Are we communicating yet?

It’s good to be taken down a few notches every once in a while. When I was in high school, I was told to apply for some award or another for languages, since I was studying Spanish, French, and Hebrew, and was born in Puerto Rico. But even if it looked [pretty] good on paper, I was bested by a girl who spoke all those and had been a refugee from Castro’s Cuba. Granted, her family was wealthier than most of the rest of us combined, but…refugee trumps all, usually.

I been spending some time volunteering in the Old Age Home in Tzfat. In Hebrew, an assisted living facilities/old age home/ nursing home is called בית אבות, which literally (literally) means “house of the fathers (parents)”. I love that. Seniors and babies are treated very well here in Israel, with great love. This Beit Avot in Tzfat is not fancy, but it’s spotless.

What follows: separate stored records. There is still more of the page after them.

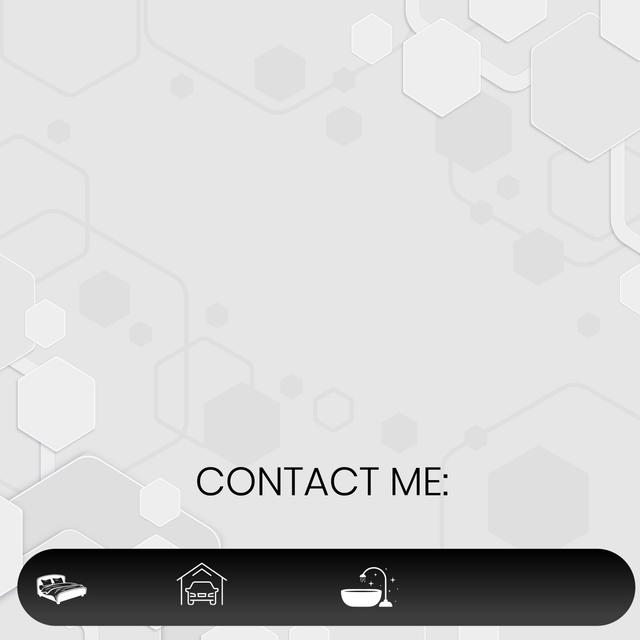 Custom Design Preview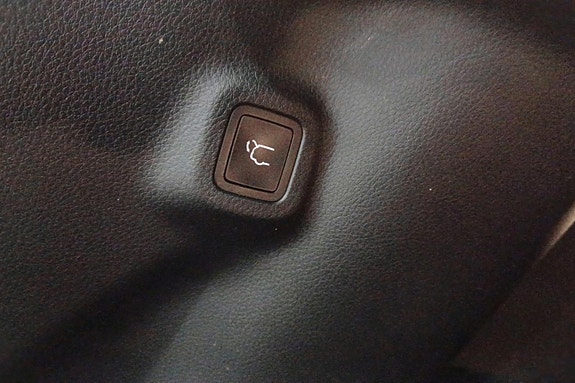Jeep Compass 25 of 26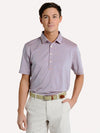 RLX Active Fit Performance Polo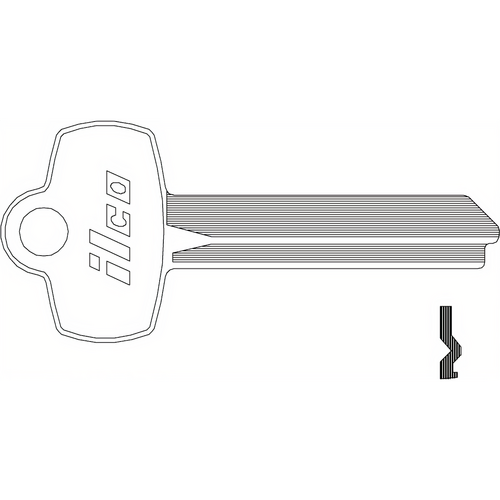 Images may not represent actual product and finish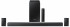Samsung HW-R480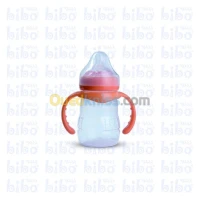 biberons col large ab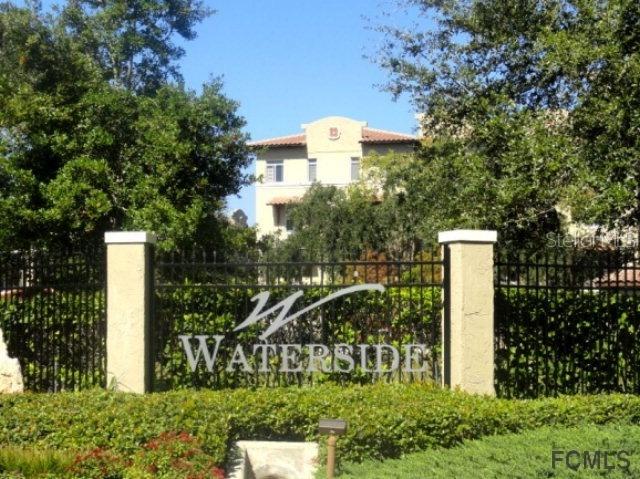 102 Club House Dr. #308, Palm Coast, FL 32137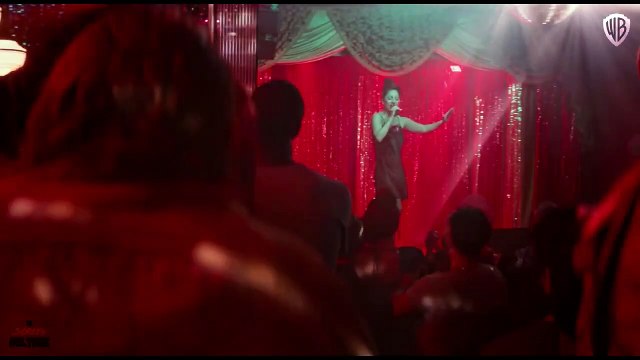 JOKER 2 Folie à Deux – Trailer (2024) Lady Gaga, Joaquin Phoenix Movie Warner Bros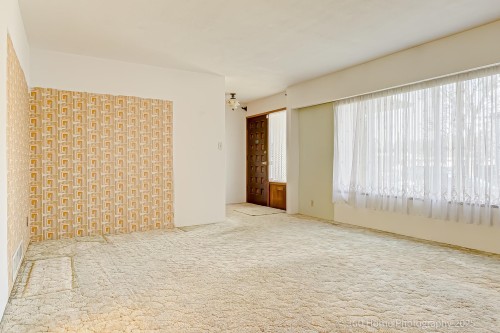 6287 Battison Street, Vancouver, BC 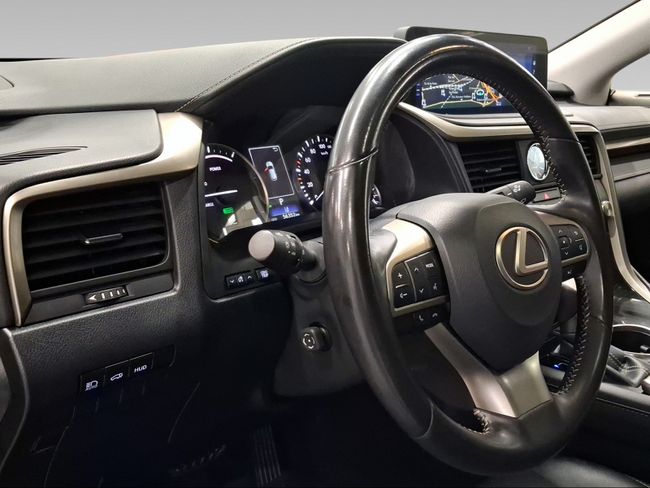 Foto coche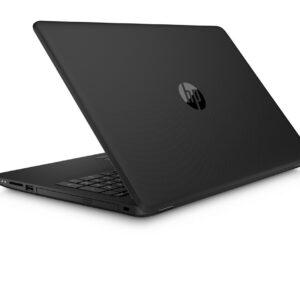 Notebook HP KXM890 Branco ou Preto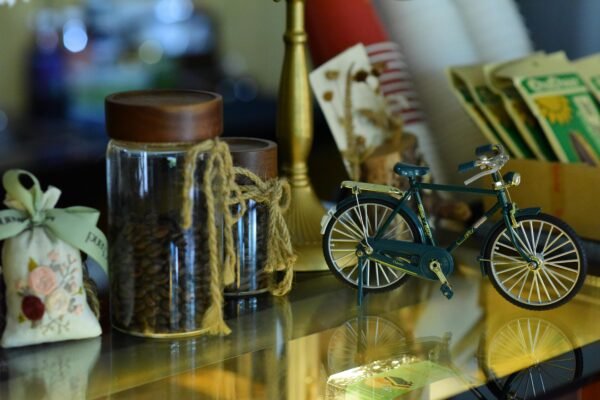 Lámpara Proyectora de Atardecer (Sunset Lamp)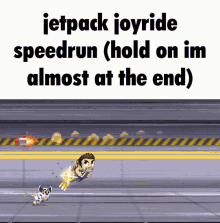 Jetpack Joyride GIF - Jetpack Joyride Jetpack Joyride GIFs
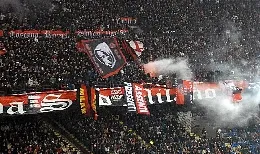 tifosi20milan1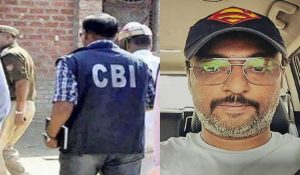 दुबई में छिपा था ड्रग्स तस्कर, घसीटकर भारत लेकर आई CBI; कौन है मुस्तफा कुब्बावाला?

When I went into the building, the organizers asked me what languages I speak. I felt like I was transported back to high school. I could add that I know how to smile and shake my head appropriately in Yiddish also, and that I know 4 words or so in Russian. I didn’t bother telling them that I know how to say cauliflower and some other foods in German, having spent a summer in Frankfurt. I didn’t see how cauliflower would get me very far here.

There were so many people who were visiting who could speak all of those languages. I felt very embarrassed and challenged. I spent some time with a woman who had spent 40 years in Ecuador, but then 40 years here in Israel, and preferred speaking Hebrew, not really getting why they wanted her to speak Spanish. That suited me fine. She was painting a pre-formatted canvas of a table covered with a checkered tablecloth and some pomegranates. The spaces were marked with the paints that she was to use.  She had finished doing the yellow and brown squares, and was up to the blue. She tried painting with the blue acrylic paint that she was given, but the paint was dried up. The color she was given after that was not the same. She was not upset. She used what she had and she made the best of it.

“Did you take painting lessons? Have you painted a lot before this?”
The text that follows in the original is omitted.